Determinism with mixed precision

I’m working in a small company that uses NVIDIA GPU for inferencing. We found that there’s some strange behavior during batch processing.

Results from batch processing’s different, compared to non-batched ones. And results in batch processing changes if # of tasks in batch changes.

For example, see the code below.

conv = torch.nn.Conv1d(40, 400, kernel_size=13, stride=1, padding=170, bias=True).cuda()
with torch.cuda.amp.autocast(enabled=True): # This allows 16bit casting
test_input = torch.rand(1, 40, 2536).cuda()
test_output = conv(test_input)
sample1 = test_output[0]

test_input = torch.cat([test_input, test_input], 0)
test_output = conv(test_input)
sample2 = test_output[0] # test_output[0] and test_output[1] are equal

diff = sample1 - sample2
diff = torch.abs(diff)
diff = diff.sum()
print(diff) # Expected output is zero.

We’re using the same test_input for non-batched tasks and batched tasks.

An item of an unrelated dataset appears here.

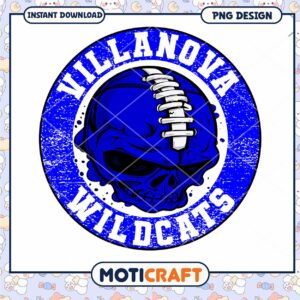 Villanova Wildcats Skull PNG Design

We expected diff to be zero, but it isn’t. This only happens when we use mixed precision(autocast=True + NVIDIA T4(Turing)).

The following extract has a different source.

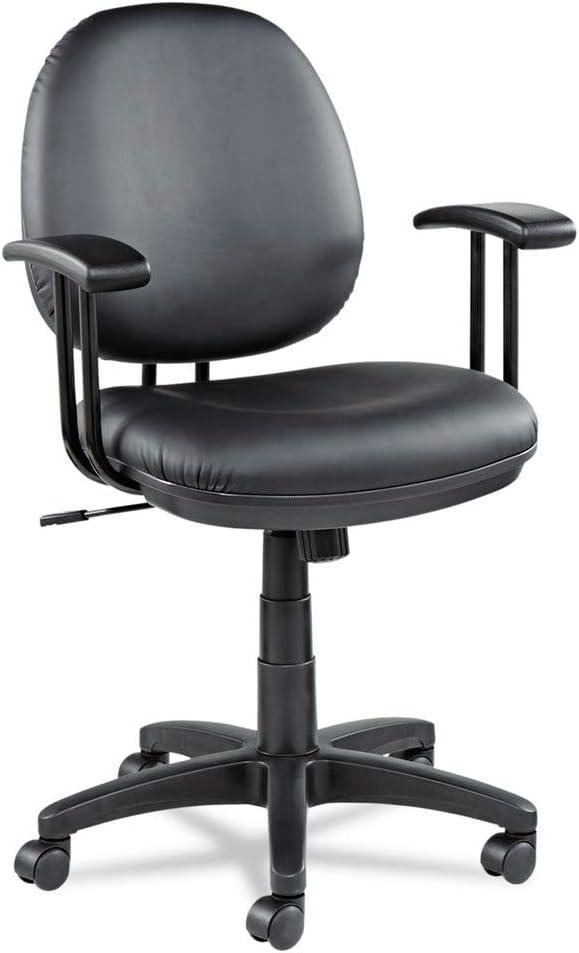 Black Leather Armless Swivel Task Chair with Plastic Base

Also, the variable sample2 changes if # of tasks in a batch changes, but results in same batch are all the same. (test_output[0] == test_output[1] == …)

We’re trying to set-up some metric and debugging process and that requires reproducibility in production code(needs high performance). I’d like to know what I’m missing, and how I can workaround this while keeping fp16 throughput.

Thank you in advance!!

Hi @diediealldie ,
Apologies for the delay, Are you still facing the issue?